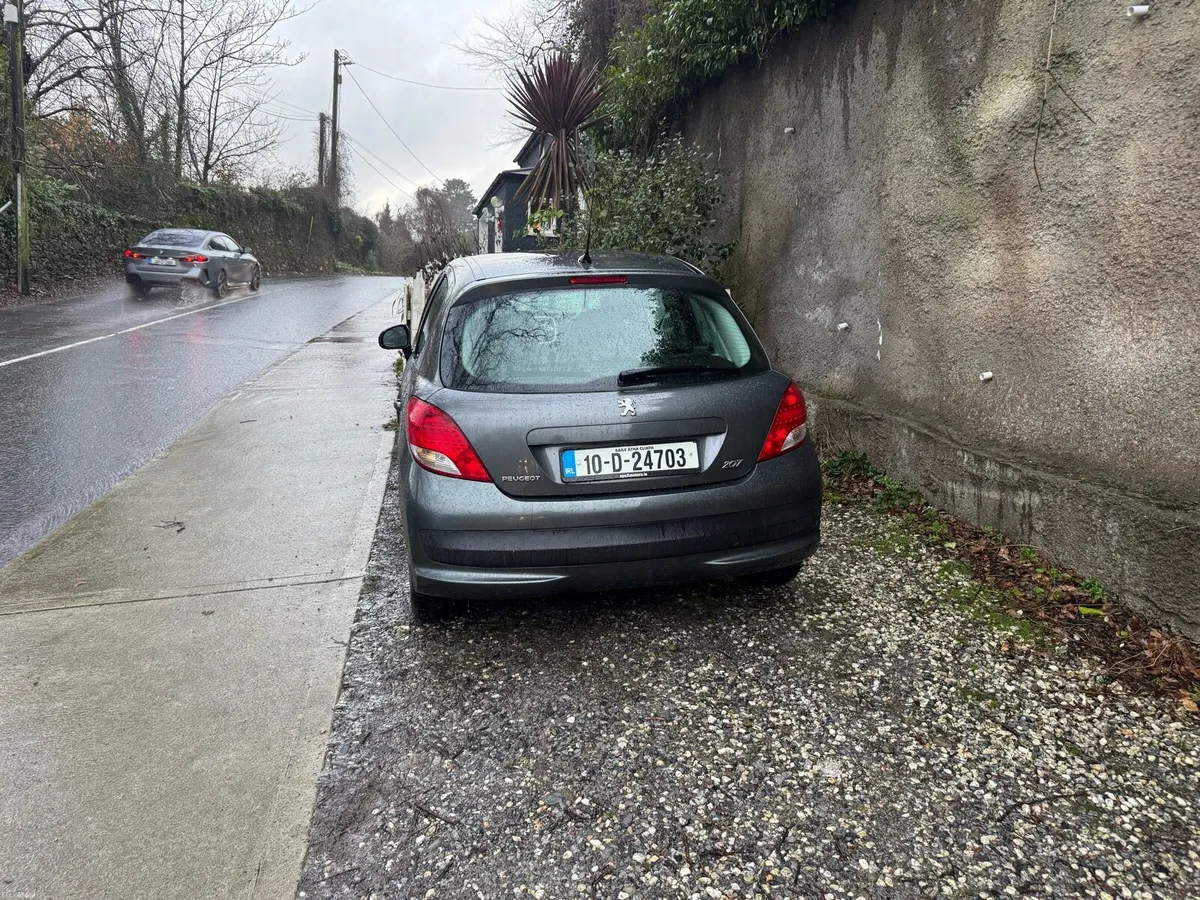 Peugeot 207 - Image 2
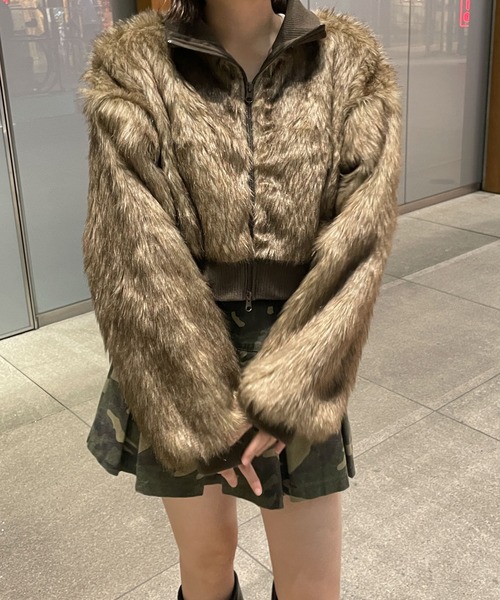 WEGO（ウィゴー）の「WEGO/ミックスフェイクファーブルゾン（ブルゾン・レディース・ライトグレー/ブラウン・FREE）」の15枚目の写真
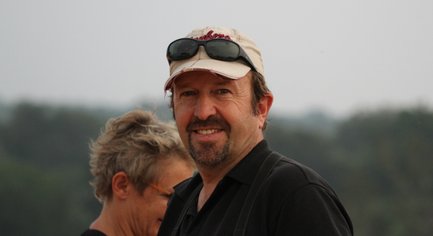 Rainer Stoll lächelt in die Kamera in Sri Lanka – Sri Lanka Familienreise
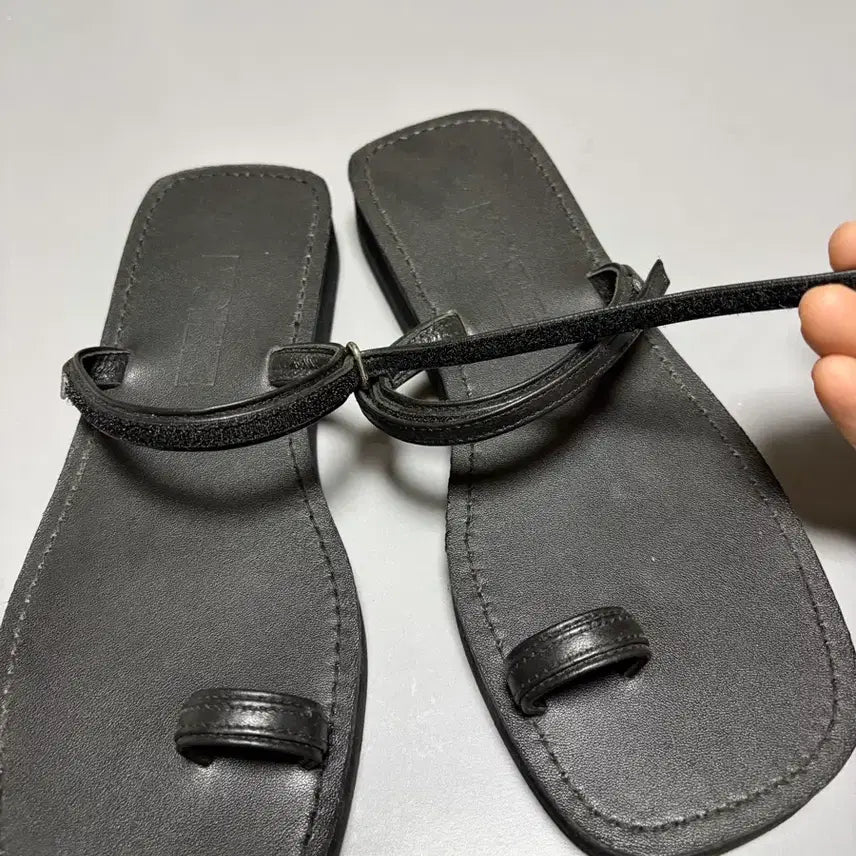 [BUNJANG] Mohhe Leather Sandals / 샌들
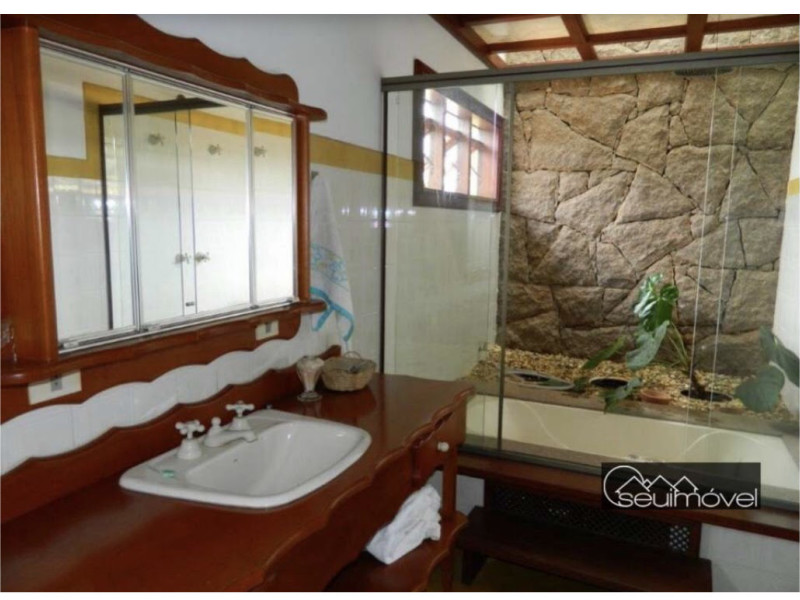 Casa à venda Condomínio Monte Belo com 640m² e 6 quartos por R$ 2.500.000 - c2480662-25d0-422f-8c0a-67214d09d201.jpeg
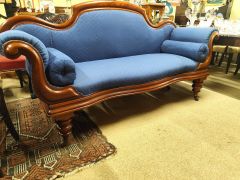 Victorian couch Thumbnail 2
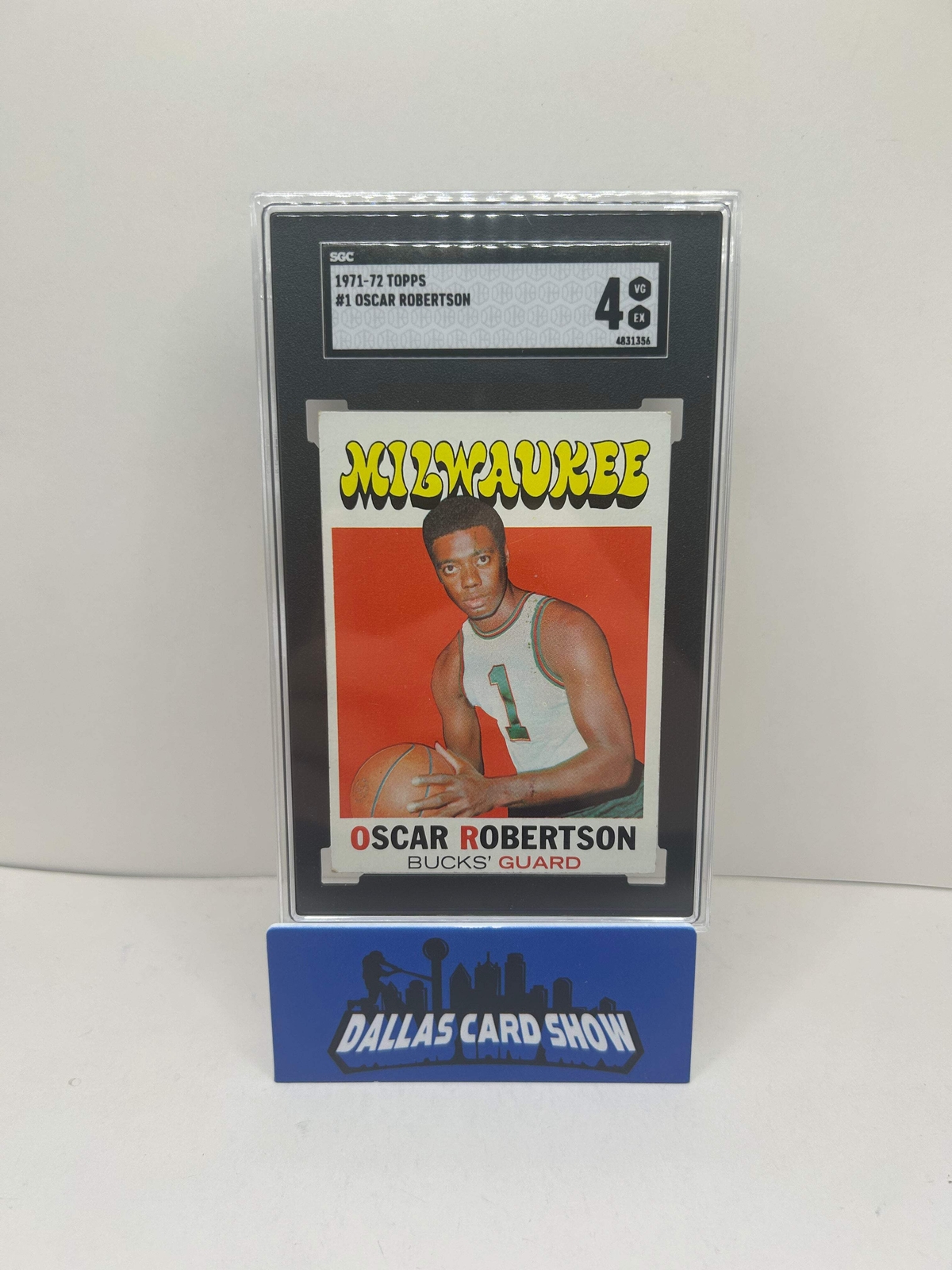 1971-72 Topps Basketball #1 Oscar Robertson Milwaukee Bucks HOF SGC 4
+++
__About this exercise__
Please transcribe exactly the line containing "Casa à venda" and every later line through the end of the records above, omitting pictures.

__Result below__
 Casa à venda Condomínio Monte Belo com 640m² e 6 quartos por R$ 2.500.000 - c2480662-25d0-422f-8c0a-67214d09d201.jpeg
 Victorian couch Thumbnail 2
 1971-72 Topps Basketball #1 Oscar Robertson Milwaukee Bucks HOF SGC 4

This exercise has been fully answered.